### Data block:
- Opening Delimiter -

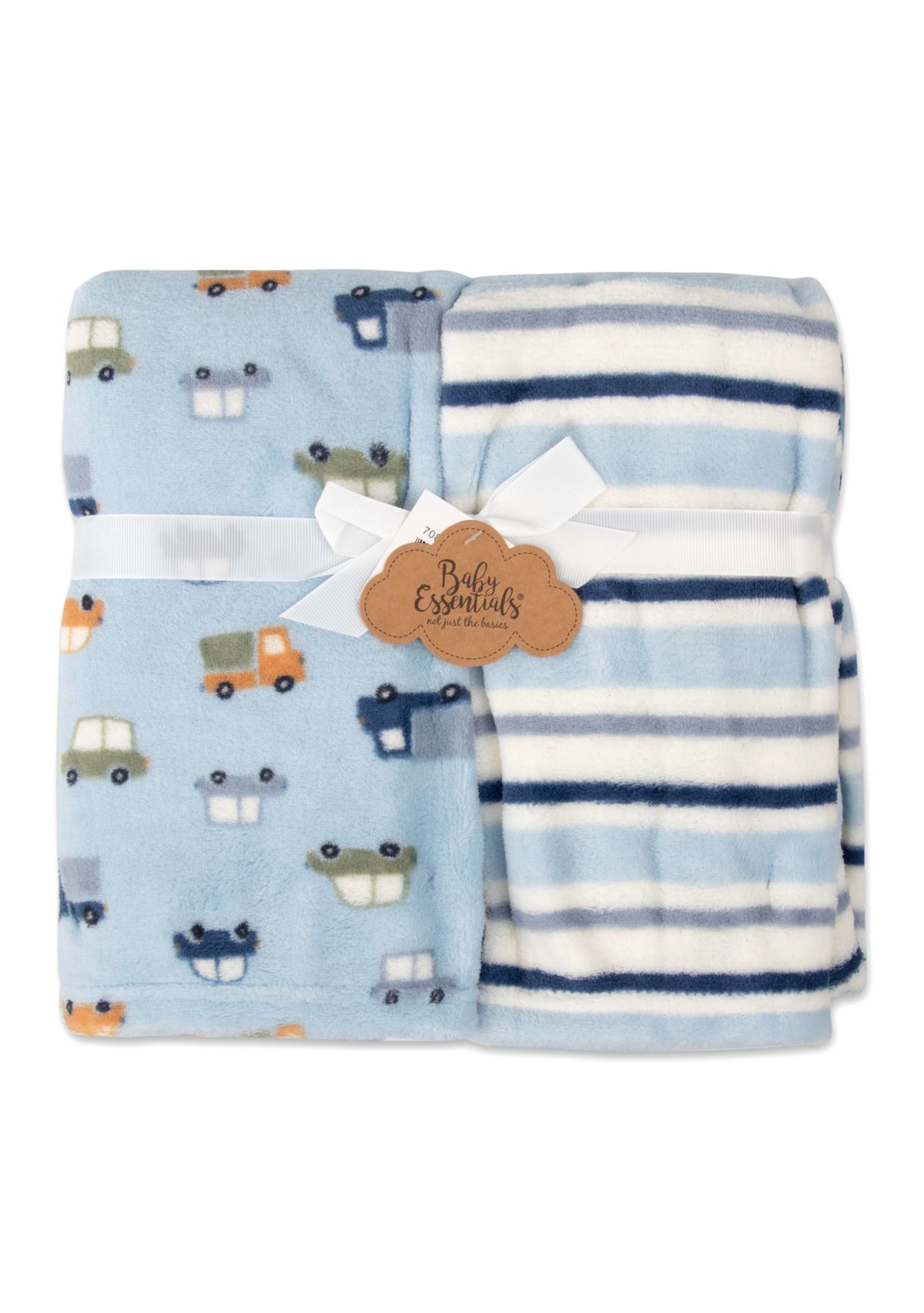 Baby 2-Pack Car and Stripe Blankets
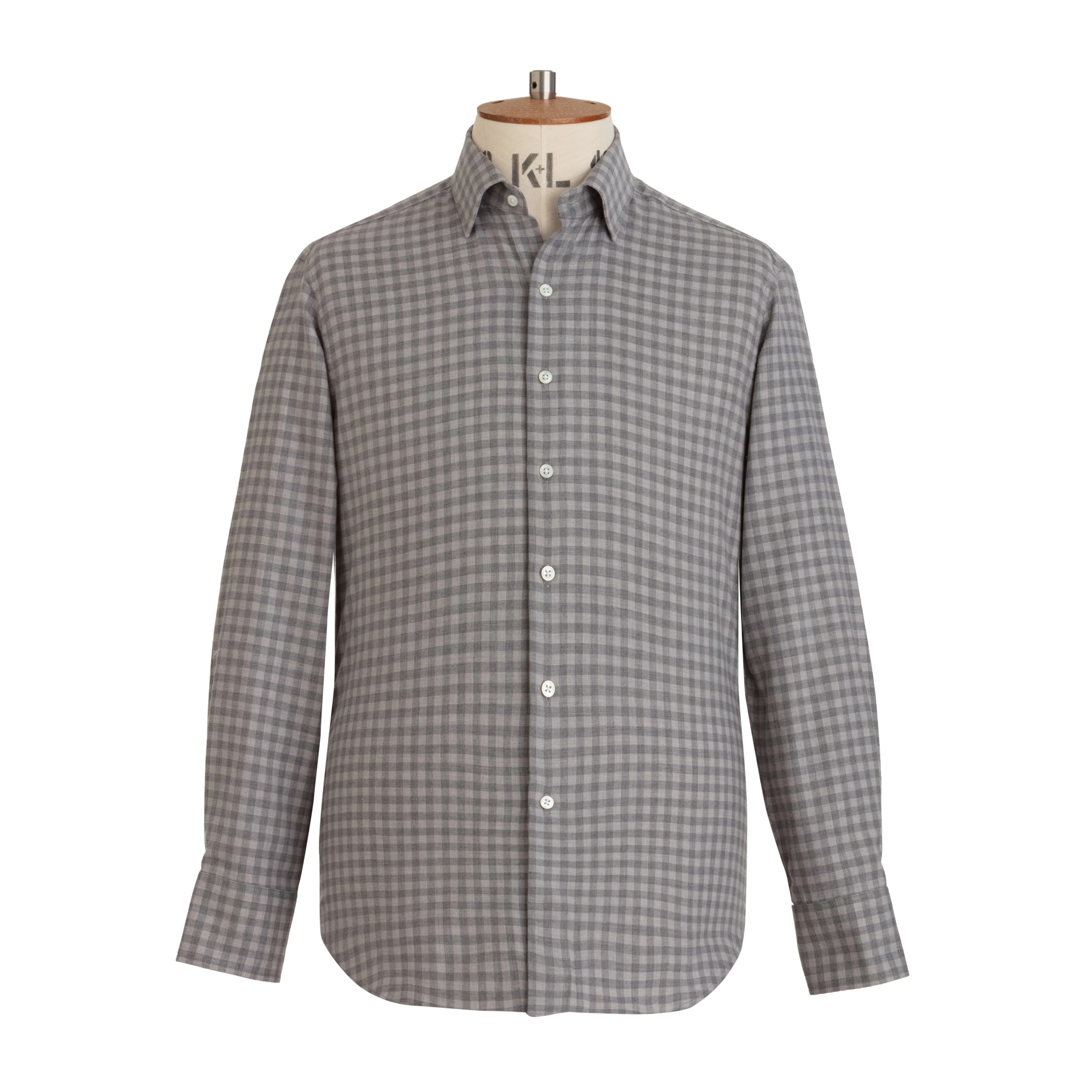 Pale Grey Gingham Wool Cotton Blend Shirt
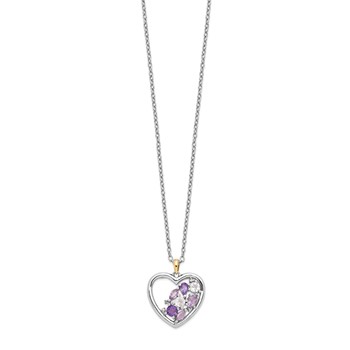 Brilliant Gemstones Sterling Silver with 14K Accent Rhodium-plated Amethyst and White Topaz and Diamond 18 Inch Necklace with 2 Inch Extender — alternate view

- Closing Delimiter -

### What to produce:
I would like the data copied exactly as it stands, with no pictures included.

### Task solution:
 Baby 2-Pack Car and Stripe Blankets
 Pale Grey Gingham Wool Cotton Blend Shirt
 Brilliant Gemstones Sterling Silver with 14K Accent Rhodium-plated Amethyst and White Topaz and Diamond 18 Inch Necklace with 2 Inch Extender — alternate view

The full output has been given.